### Activity
Output exactly the lines of the listing below that run from the line with "Игра Guess the Color онлайн" through the line with "Detail Clouds Gif Png Nomer 31". No pictures.

### Recorded data
——————

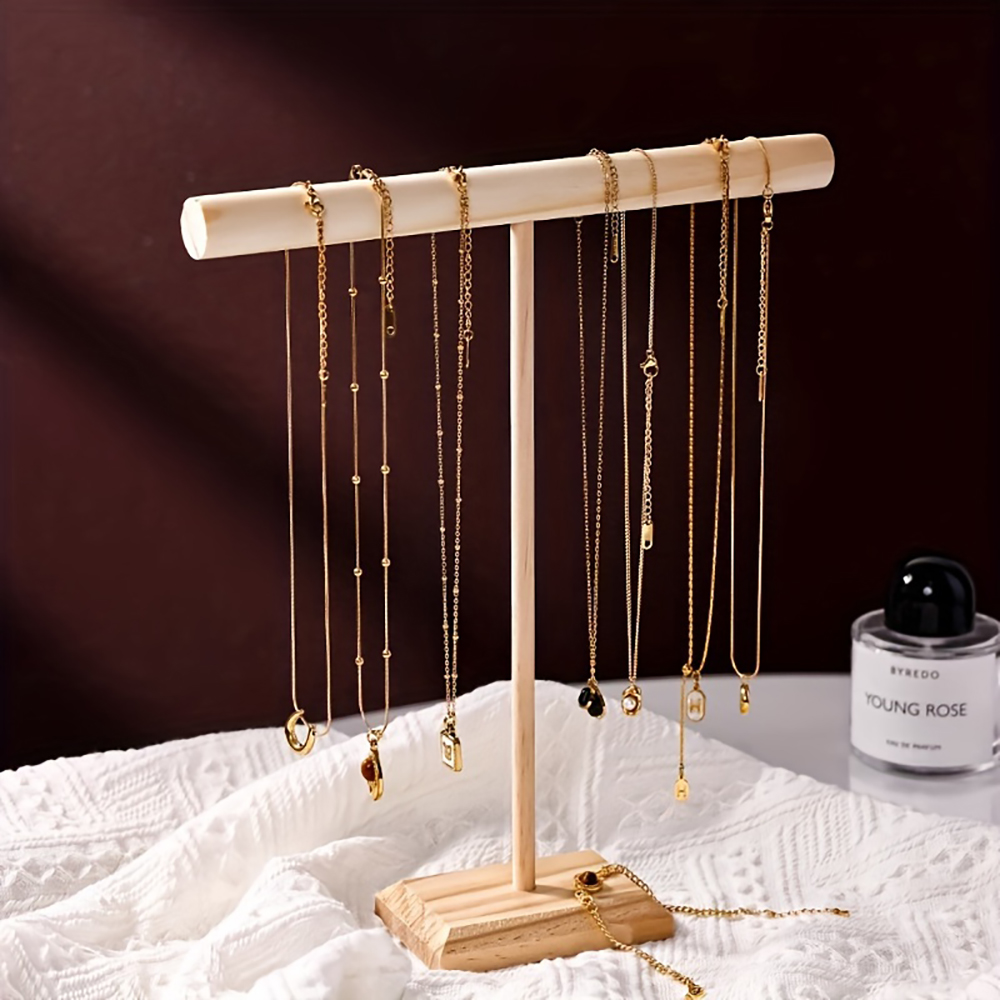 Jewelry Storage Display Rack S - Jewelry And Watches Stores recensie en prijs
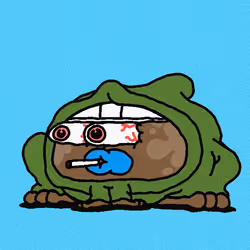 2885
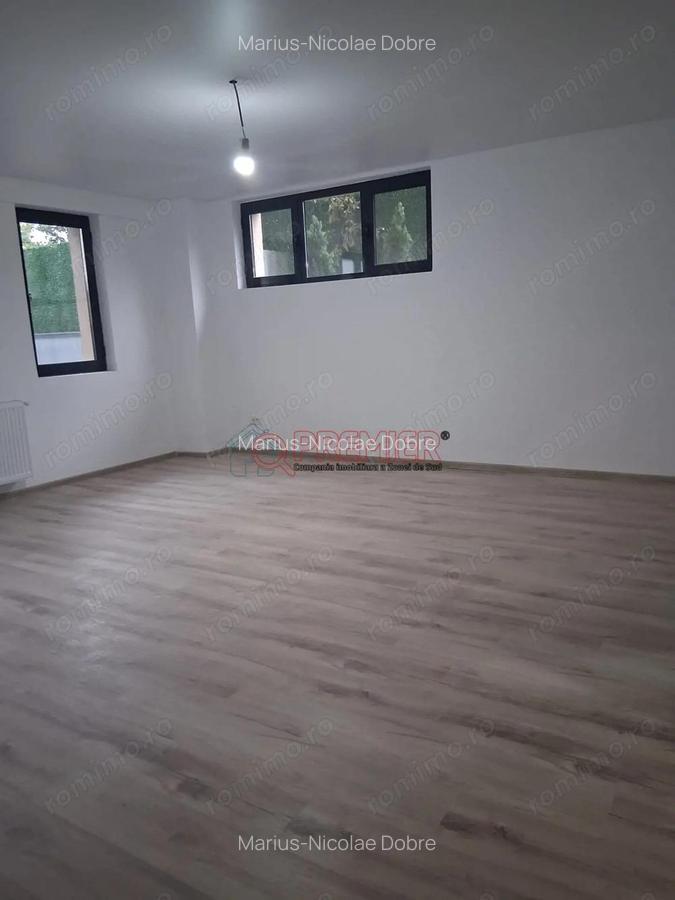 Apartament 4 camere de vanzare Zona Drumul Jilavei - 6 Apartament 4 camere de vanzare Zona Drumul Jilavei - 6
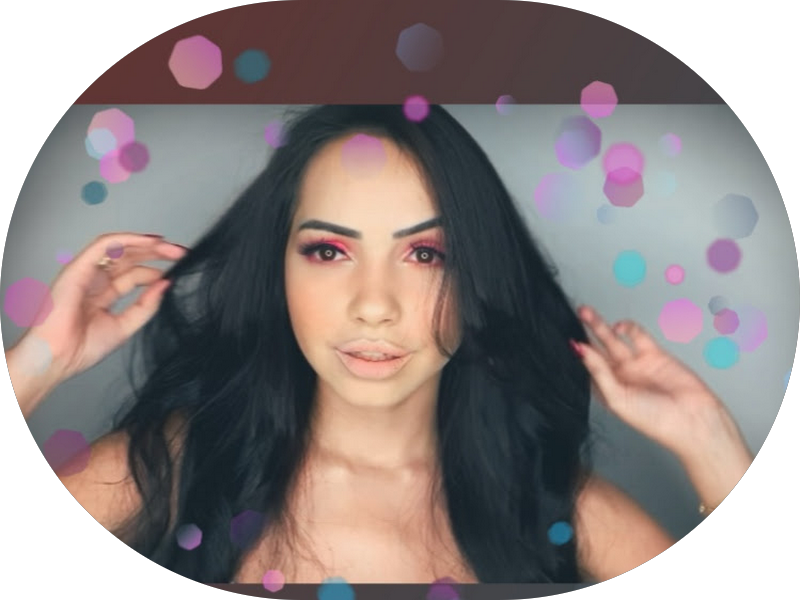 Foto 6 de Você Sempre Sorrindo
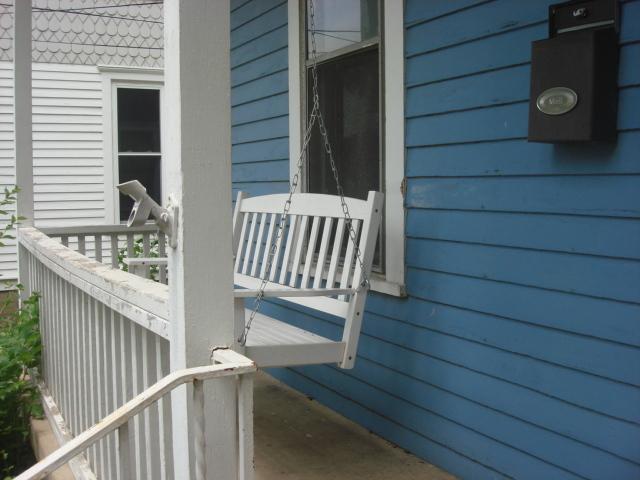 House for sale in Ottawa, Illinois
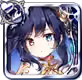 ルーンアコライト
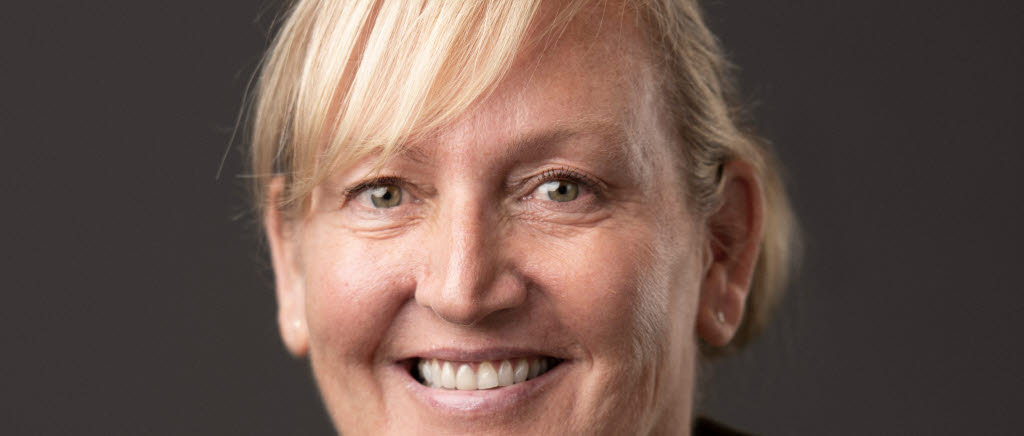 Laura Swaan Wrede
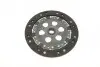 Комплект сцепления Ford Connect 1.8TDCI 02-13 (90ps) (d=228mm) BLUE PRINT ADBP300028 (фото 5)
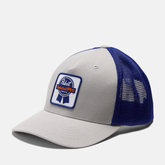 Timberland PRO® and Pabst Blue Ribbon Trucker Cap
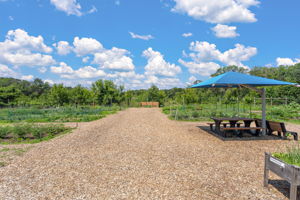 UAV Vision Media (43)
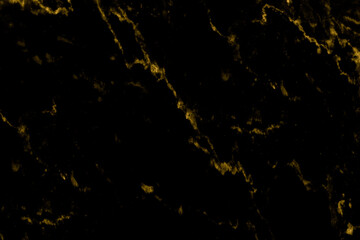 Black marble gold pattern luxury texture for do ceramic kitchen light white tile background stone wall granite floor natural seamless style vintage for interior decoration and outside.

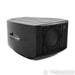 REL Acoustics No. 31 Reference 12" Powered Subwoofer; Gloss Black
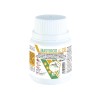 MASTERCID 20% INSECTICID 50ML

——————

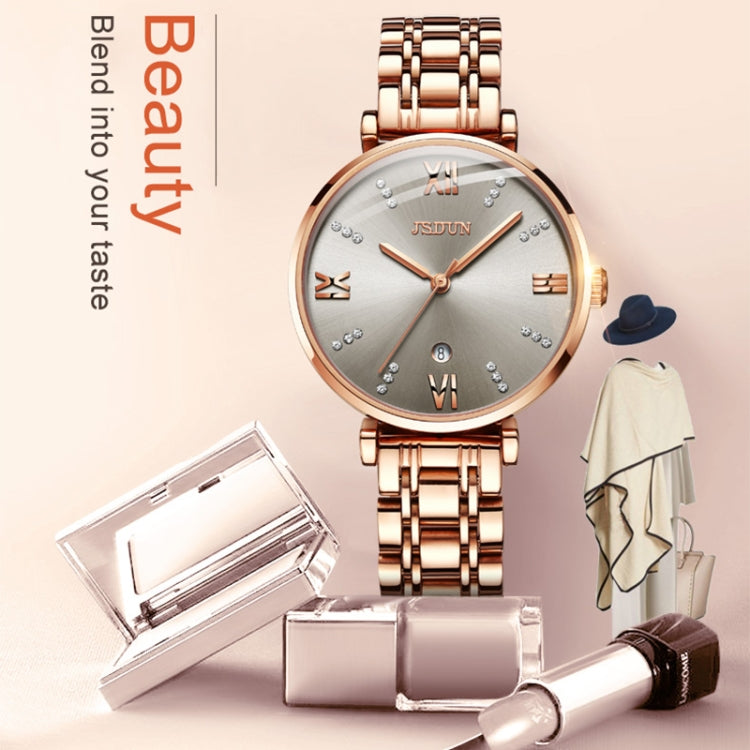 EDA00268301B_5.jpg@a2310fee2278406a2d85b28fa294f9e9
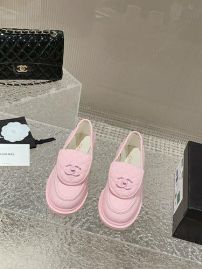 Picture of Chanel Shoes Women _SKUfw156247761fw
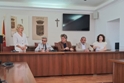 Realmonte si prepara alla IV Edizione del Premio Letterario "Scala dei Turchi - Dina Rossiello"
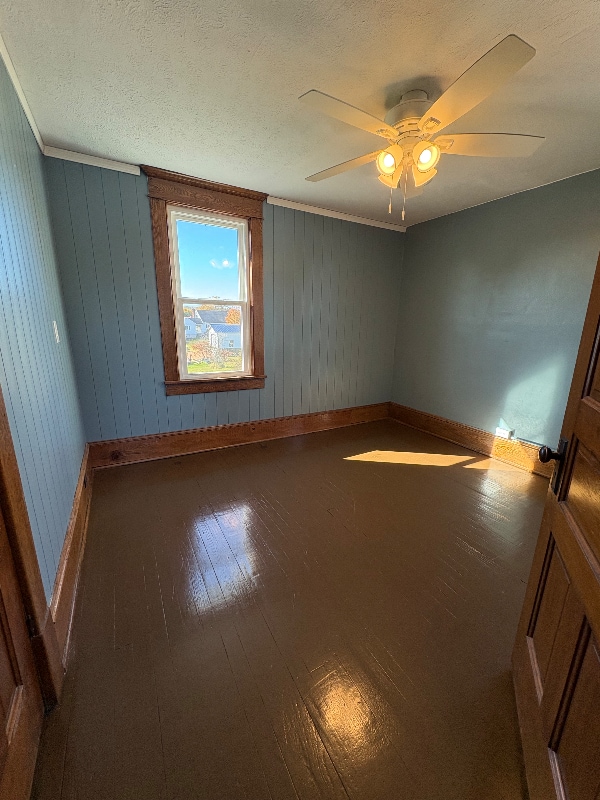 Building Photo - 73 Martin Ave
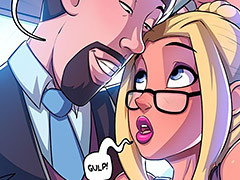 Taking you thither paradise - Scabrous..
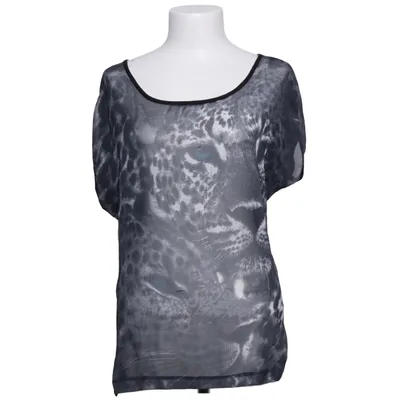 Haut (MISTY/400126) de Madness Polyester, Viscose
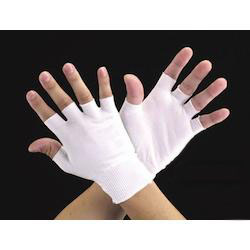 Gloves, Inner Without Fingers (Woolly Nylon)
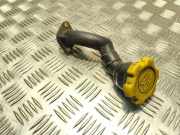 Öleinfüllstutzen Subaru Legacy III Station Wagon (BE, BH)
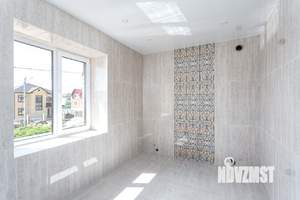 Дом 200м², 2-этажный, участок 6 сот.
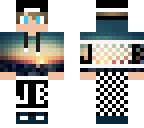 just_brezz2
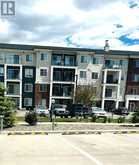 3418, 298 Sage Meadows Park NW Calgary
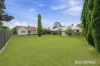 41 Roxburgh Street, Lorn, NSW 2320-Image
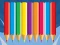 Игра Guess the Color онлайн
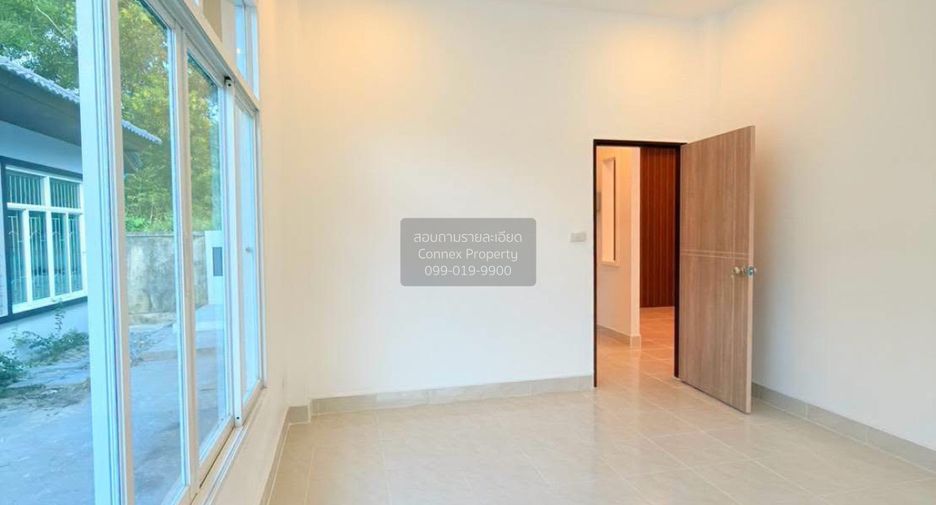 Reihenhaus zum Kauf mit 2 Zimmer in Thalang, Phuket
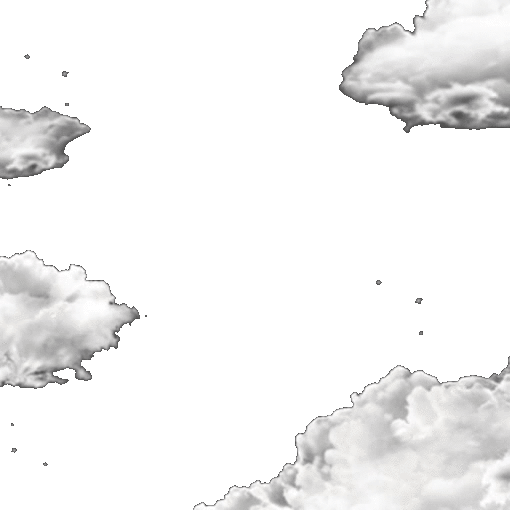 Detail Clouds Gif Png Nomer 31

——————

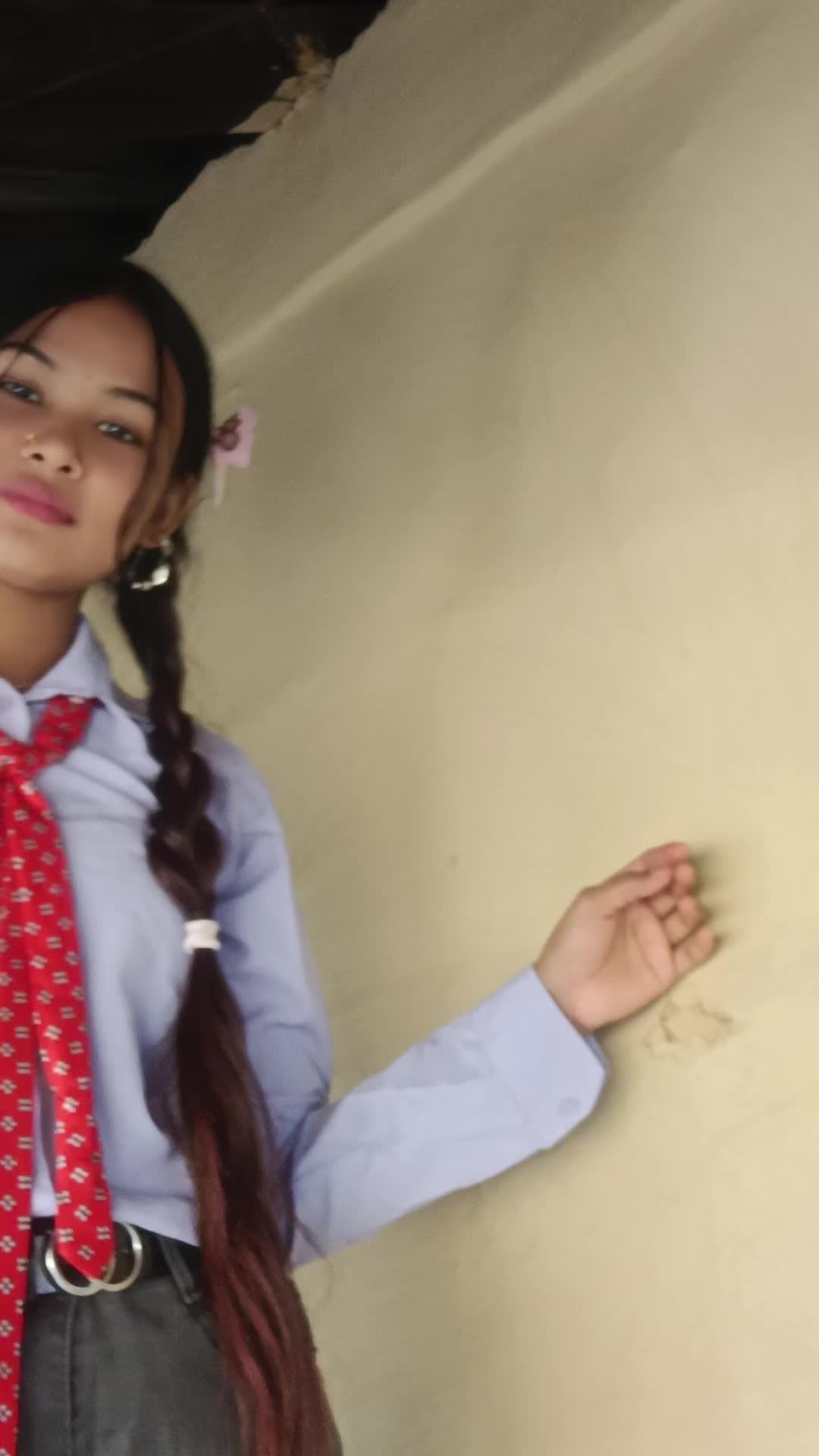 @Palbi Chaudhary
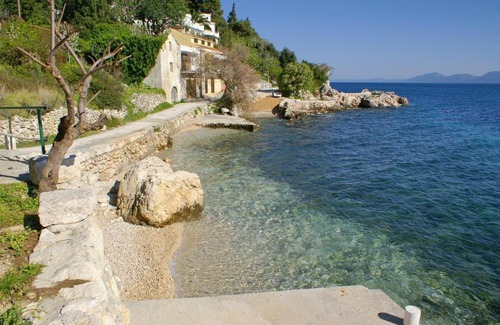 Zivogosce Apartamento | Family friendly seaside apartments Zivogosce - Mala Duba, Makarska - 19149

——————

### Answer to this problem
 Игра Guess the Color онлайн
 Reihenhaus zum Kauf mit 2 Zimmer in Thalang, Phuket
 Detail Clouds Gif Png Nomer 31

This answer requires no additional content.